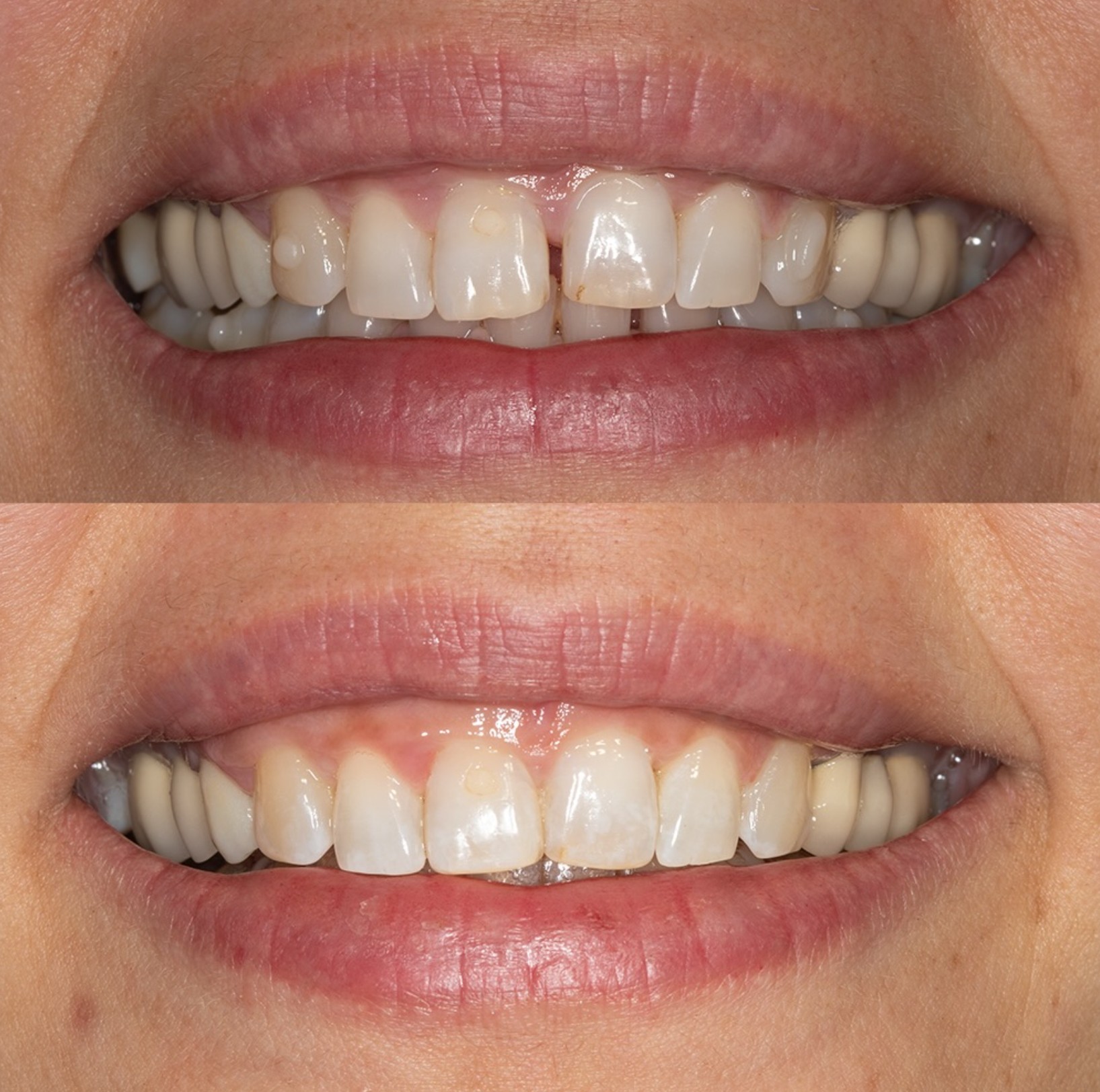 Πριν και μετά κλείσιμο diastema και ευθυγράμμιση crowding — Ορθοδοντική Θεσσαλονίκη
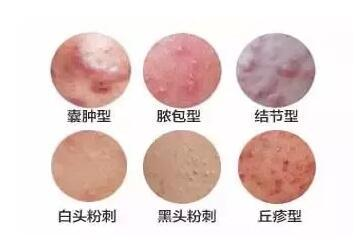青春痘會(huì)自己消失嗎？——解析青春痘及其自然消退的可能性，青春痘的自然消退可能性解析，是否會(huì)自行消失？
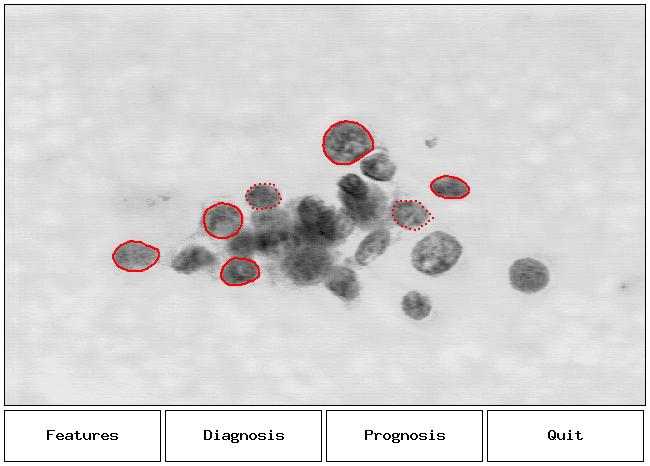 Example: A data set Cell Nuclei of Fine Needle Aspirate Cell samples were taken from tumors in breast cancer patients before surgery, and imaged Tumors were excised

WHAT YOU ARE ASKED TO DO:
Your output must reproduce the material above in full, with no pictures.

ANSWER TO THE EXERCISE:
 Πριν και μετά κλείσιμο diastema και ευθυγράμμιση crowding — Ορθοδοντική Θεσσαλονίκη
青春痘會(huì)自己消失嗎？——解析青春痘及其自然消退的可能性，青春痘的自然消退可能性解析，是否會(huì)自行消失？
 Example: A data set Cell Nuclei of Fine Needle Aspirate Cell samples were taken from tumors in breast cancer patients before surgery, and imaged Tumors were excised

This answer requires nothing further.